*Record set*:

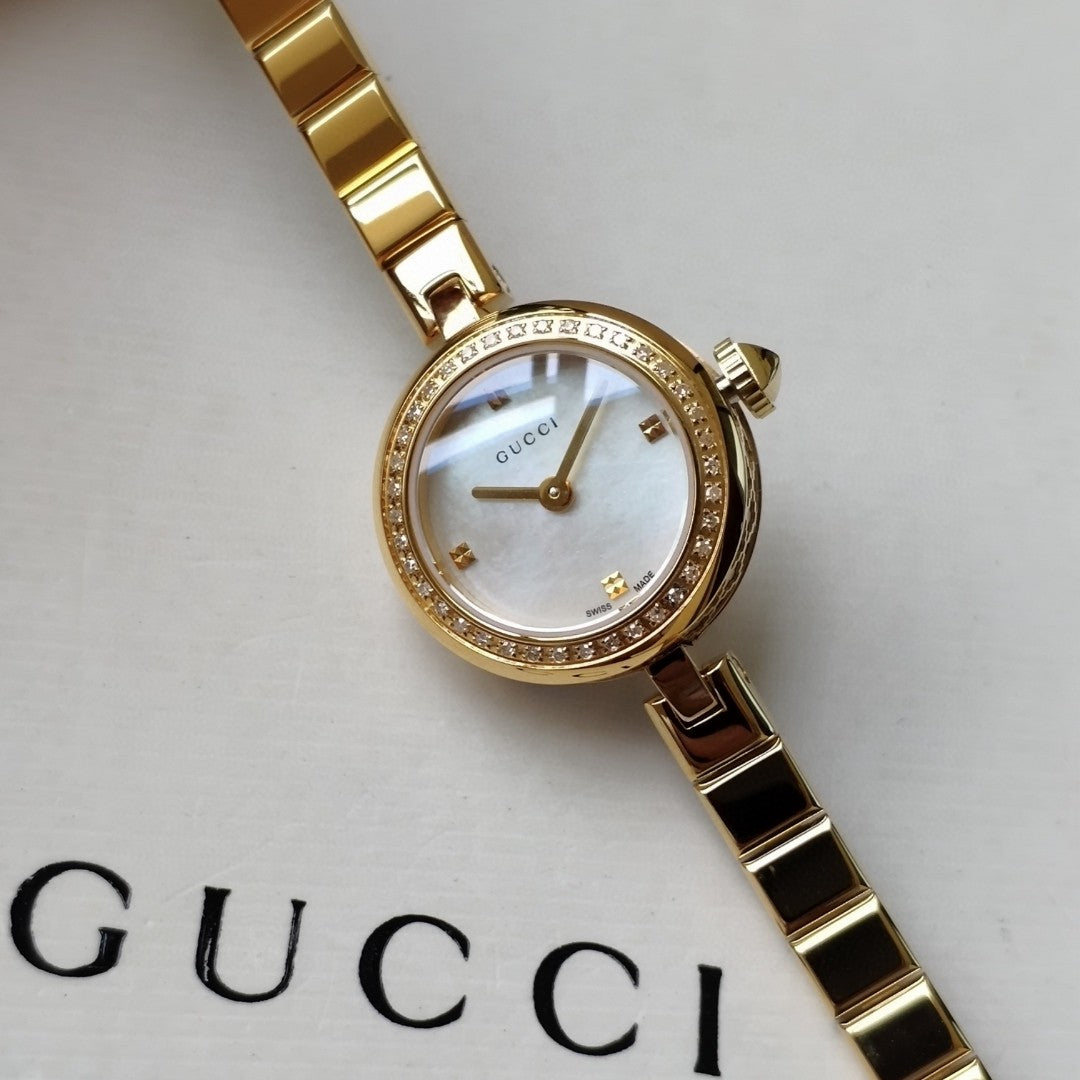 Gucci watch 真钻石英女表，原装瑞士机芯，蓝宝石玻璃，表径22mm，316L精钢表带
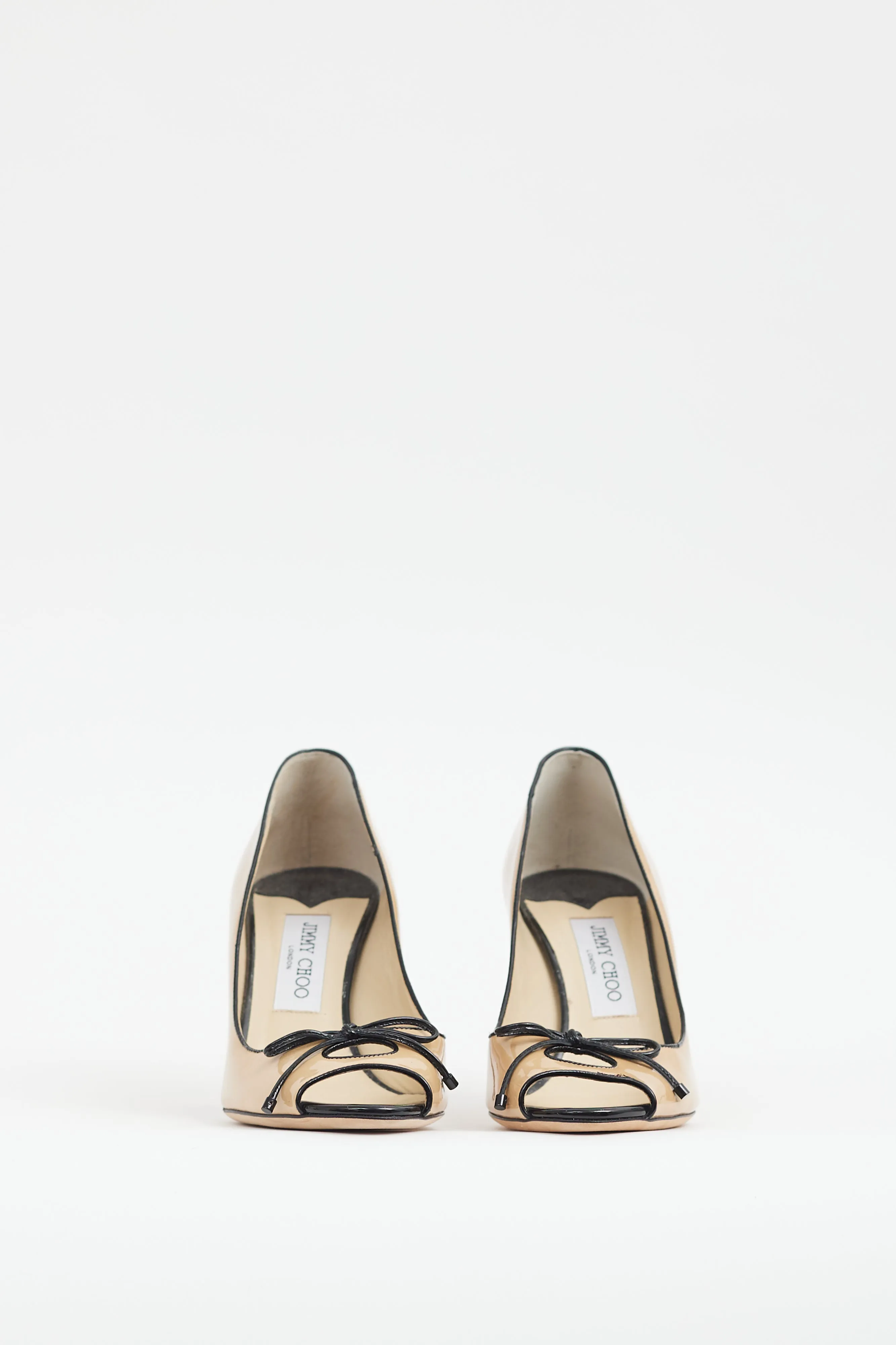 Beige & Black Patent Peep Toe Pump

==

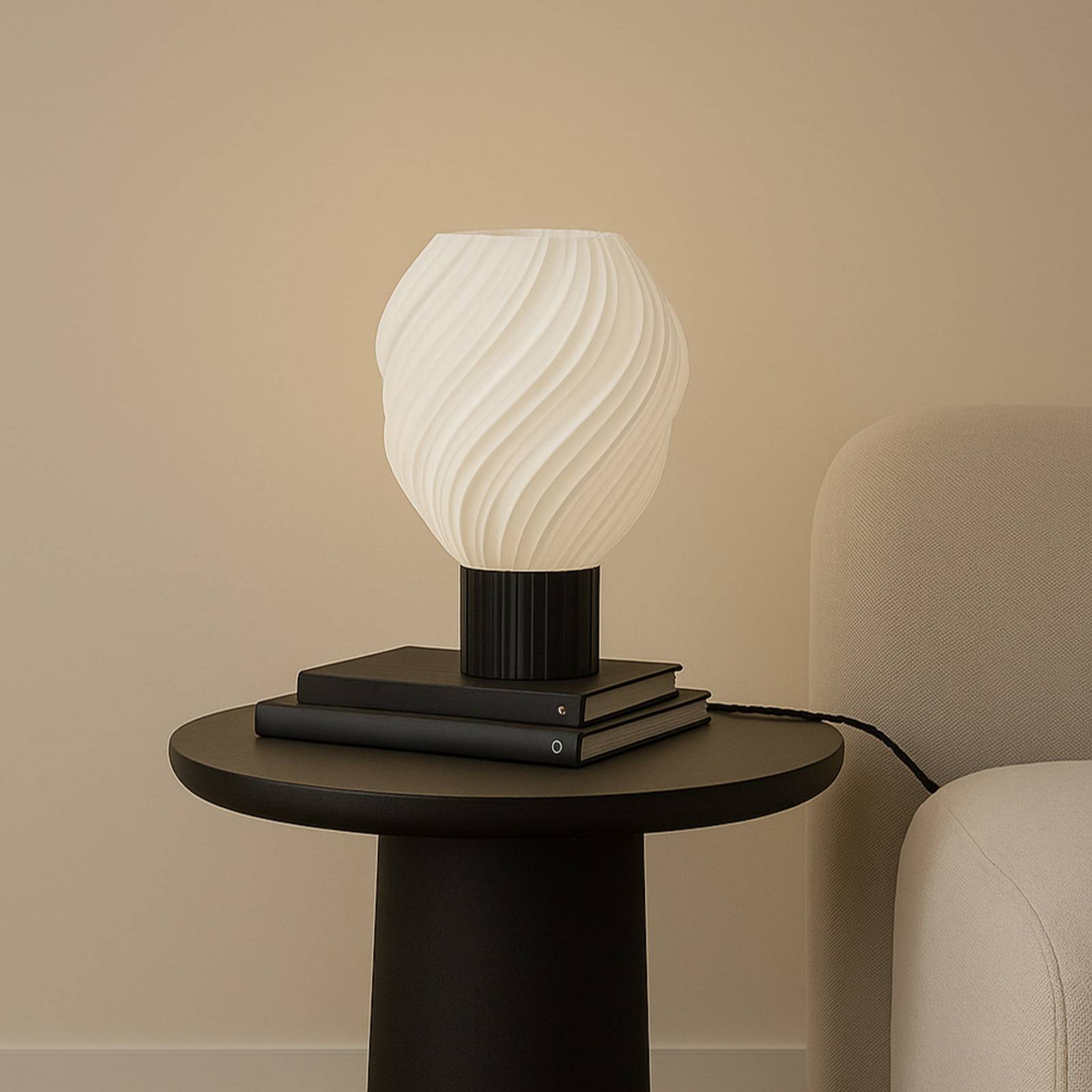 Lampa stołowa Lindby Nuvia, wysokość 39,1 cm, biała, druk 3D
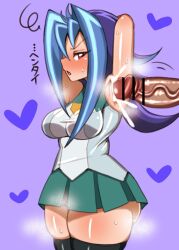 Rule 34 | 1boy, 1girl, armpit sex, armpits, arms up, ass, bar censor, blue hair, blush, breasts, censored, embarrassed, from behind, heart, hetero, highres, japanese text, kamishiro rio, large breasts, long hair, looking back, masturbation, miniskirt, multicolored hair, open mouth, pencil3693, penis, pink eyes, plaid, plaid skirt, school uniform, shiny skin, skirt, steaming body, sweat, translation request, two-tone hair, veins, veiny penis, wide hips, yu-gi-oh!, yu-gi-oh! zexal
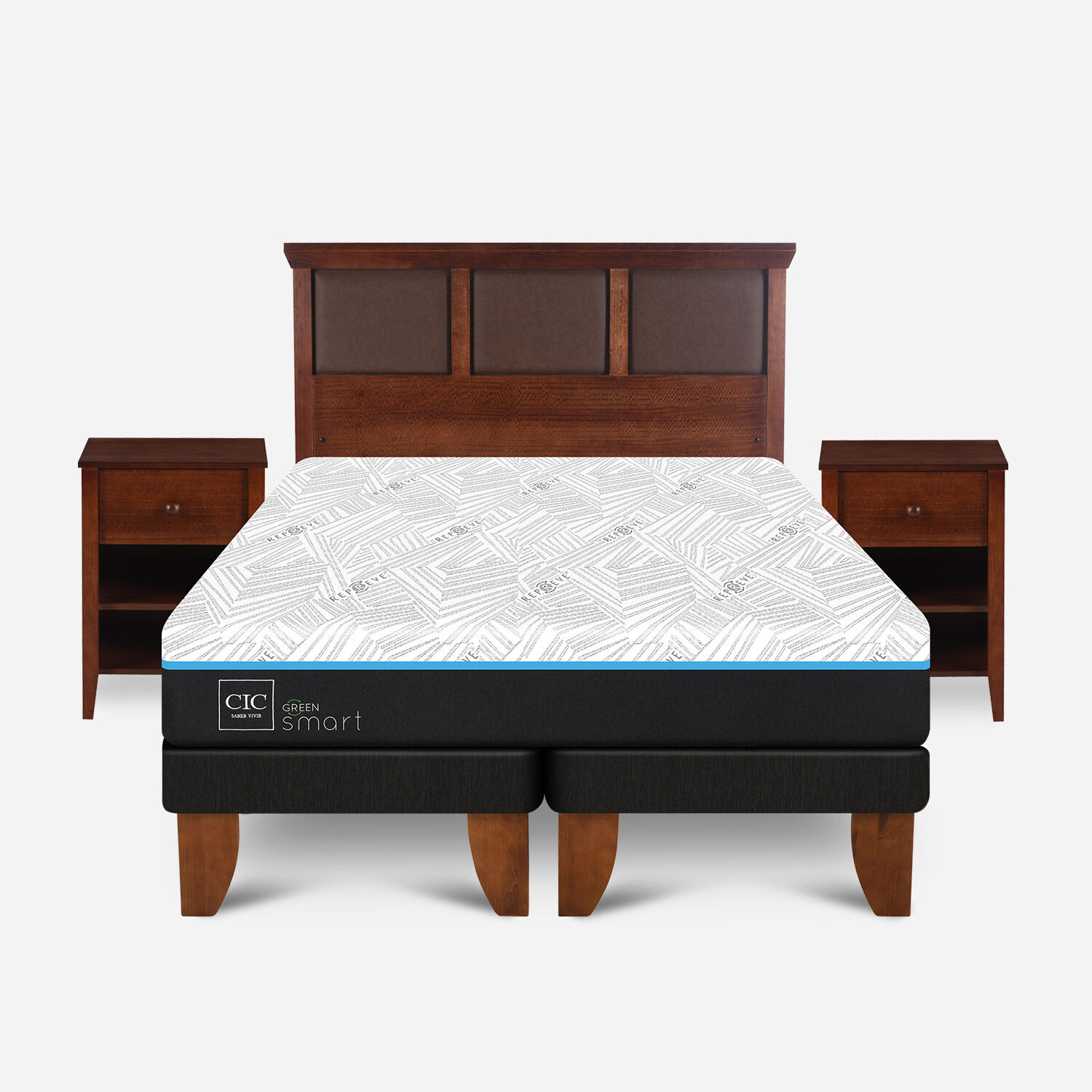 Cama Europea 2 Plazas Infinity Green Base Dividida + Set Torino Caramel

*Exercise prompt*: Exercise for the records above: copy only the lines from the one with "Rule 34 | 1boy, 1girl, armpit" to the one with "Cama Europea 2", both ends kept, and drop the pictures.

*Expected answer*:
 Rule 34 | 1boy, 1girl, armpit sex, armpits, arms up, ass, bar censor, blue hair, blush, breasts, censored, embarrassed, from behind, heart, hetero, highres, japanese text, kamishiro rio, large breasts, long hair, looking back, masturbation, miniskirt, multicolored hair, open mouth, pencil3693, penis, pink eyes, plaid, plaid skirt, school uniform, shiny skin, skirt, steaming body, sweat, translation request, two-tone hair, veins, veiny penis, wide hips, yu-gi-oh!, yu-gi-oh! zexal
 Cama Europea 2 Plazas Infinity Green Base Dividida + Set Torino Caramel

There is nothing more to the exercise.